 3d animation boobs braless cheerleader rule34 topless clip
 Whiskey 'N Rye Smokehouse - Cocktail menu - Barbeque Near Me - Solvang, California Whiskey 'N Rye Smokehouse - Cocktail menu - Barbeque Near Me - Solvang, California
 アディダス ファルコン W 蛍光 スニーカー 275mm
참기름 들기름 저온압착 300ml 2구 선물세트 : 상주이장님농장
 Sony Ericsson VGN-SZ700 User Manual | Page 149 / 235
* * *
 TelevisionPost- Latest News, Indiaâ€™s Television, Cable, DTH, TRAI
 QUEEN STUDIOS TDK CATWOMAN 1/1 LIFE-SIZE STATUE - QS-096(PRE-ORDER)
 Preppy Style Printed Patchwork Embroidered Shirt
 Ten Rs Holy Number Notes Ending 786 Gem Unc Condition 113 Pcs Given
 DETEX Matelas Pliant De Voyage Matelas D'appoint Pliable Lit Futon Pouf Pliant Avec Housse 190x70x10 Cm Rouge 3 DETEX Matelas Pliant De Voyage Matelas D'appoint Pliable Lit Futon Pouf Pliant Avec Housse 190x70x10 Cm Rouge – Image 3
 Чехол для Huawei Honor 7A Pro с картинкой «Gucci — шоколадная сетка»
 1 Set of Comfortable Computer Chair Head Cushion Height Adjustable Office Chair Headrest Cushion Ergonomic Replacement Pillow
* * *
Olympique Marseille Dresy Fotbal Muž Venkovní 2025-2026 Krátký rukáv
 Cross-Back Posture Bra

**TASK DIRECTIONS:**
Reproduce, character for character, only the lines of the preceding data that start at the line with "Olympique Marseille Dresy" and end at the line with "Cross-Back Posture Bra", both included.

**RESPONSE TO THE EXERCISE:**
Olympique Marseille Dresy Fotbal Muž Venkovní 2025-2026 Krátký rukáv
 Cross-Back Posture Bra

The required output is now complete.